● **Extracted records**
>>>>>
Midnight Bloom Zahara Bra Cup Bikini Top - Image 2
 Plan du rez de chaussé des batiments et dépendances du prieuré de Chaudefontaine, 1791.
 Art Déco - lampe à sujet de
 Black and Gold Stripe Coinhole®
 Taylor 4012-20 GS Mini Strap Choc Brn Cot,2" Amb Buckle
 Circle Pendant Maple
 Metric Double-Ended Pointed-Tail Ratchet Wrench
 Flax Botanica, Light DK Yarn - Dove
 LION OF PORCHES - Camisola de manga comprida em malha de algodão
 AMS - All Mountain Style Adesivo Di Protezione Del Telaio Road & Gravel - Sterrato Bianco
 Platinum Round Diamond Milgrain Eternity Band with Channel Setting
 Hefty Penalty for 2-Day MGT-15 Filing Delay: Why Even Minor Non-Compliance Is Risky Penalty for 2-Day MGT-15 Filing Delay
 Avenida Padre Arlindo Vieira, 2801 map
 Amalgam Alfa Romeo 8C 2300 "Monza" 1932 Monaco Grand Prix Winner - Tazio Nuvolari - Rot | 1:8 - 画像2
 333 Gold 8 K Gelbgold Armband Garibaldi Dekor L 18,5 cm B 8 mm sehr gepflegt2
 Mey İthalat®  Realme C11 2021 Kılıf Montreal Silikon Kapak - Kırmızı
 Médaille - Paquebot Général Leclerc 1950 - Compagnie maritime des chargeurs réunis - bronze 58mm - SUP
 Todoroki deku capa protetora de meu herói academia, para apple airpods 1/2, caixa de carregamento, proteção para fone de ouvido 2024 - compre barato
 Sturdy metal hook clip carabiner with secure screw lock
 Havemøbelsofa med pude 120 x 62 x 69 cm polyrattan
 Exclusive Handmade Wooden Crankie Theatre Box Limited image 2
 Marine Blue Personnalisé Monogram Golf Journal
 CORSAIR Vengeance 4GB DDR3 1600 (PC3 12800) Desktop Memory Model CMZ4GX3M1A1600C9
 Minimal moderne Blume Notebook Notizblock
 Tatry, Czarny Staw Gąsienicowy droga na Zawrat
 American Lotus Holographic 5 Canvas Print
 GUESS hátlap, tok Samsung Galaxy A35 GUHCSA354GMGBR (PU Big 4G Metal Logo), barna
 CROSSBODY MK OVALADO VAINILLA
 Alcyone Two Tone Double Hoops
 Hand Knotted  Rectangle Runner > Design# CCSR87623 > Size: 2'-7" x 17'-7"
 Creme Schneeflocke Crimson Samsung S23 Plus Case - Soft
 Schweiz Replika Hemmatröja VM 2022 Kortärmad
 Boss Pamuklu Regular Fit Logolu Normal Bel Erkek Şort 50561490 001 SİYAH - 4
<<<<<
● **Assignment**
The answer should hold only the lines from the start of the records above through the line containing "Médaille - Paquebot", each set down exactly.

● **The answer**
Midnight Bloom Zahara Bra Cup Bikini Top - Image 2
 Plan du rez de chaussé des batiments et dépendances du prieuré de Chaudefontaine, 1791.
 Art Déco - lampe à sujet de
 Black and Gold Stripe Coinhole®
 Taylor 4012-20 GS Mini Strap Choc Brn Cot,2" Amb Buckle
 Circle Pendant Maple
 Metric Double-Ended Pointed-Tail Ratchet Wrench
 Flax Botanica, Light DK Yarn - Dove
 LION OF PORCHES - Camisola de manga comprida em malha de algodão
 AMS - All Mountain Style Adesivo Di Protezione Del Telaio Road & Gravel - Sterrato Bianco
 Platinum Round Diamond Milgrain Eternity Band with Channel Setting
 Hefty Penalty for 2-Day MGT-15 Filing Delay: Why Even Minor Non-Compliance Is Risky Penalty for 2-Day MGT-15 Filing Delay
 Avenida Padre Arlindo Vieira, 2801 map
 Amalgam Alfa Romeo 8C 2300 "Monza" 1932 Monaco Grand Prix Winner - Tazio Nuvolari - Rot | 1:8 - 画像2
 333 Gold 8 K Gelbgold Armband Garibaldi Dekor L 18,5 cm B 8 mm sehr gepflegt2
 Mey İthalat®  Realme C11 2021 Kılıf Montreal Silikon Kapak - Kırmızı
 Médaille - Paquebot Général Leclerc 1950 - Compagnie maritime des chargeurs réunis - bronze 58mm - SUP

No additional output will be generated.